WHAT THE TASK REQUIRES
Somewhere below, one line contains "FIGHT, FLIGHT, FREEZE" and a later line contains "penis-stretching-safety-guide-Blush B Yours". Output those two lines and everything between them exactly, and nothing else.

DATA TO EXAMINE
--------------------

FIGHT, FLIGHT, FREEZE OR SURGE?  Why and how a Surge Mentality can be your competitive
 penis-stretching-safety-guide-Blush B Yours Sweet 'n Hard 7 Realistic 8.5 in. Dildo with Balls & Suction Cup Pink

--------------------

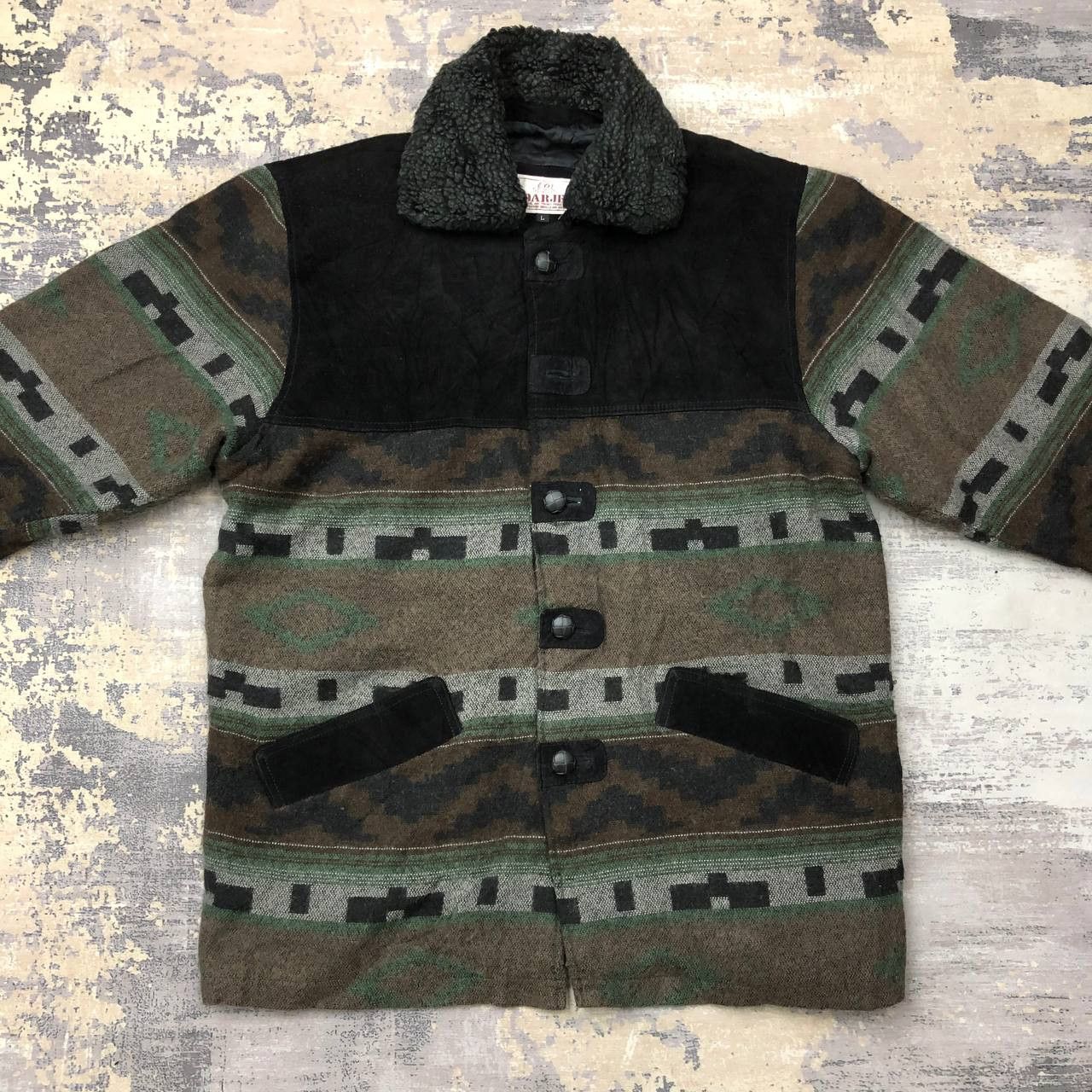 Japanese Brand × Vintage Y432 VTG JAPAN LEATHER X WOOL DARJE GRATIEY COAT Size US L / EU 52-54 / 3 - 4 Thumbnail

--------------------

EXERCISE SOLUTION
FIGHT, FLIGHT, FREEZE OR SURGE?  Why and how a Surge Mentality can be your competitive
 penis-stretching-safety-guide-Blush B Yours Sweet 'n Hard 7 Realistic 8.5 in. Dildo with Balls & Suction Cup Pink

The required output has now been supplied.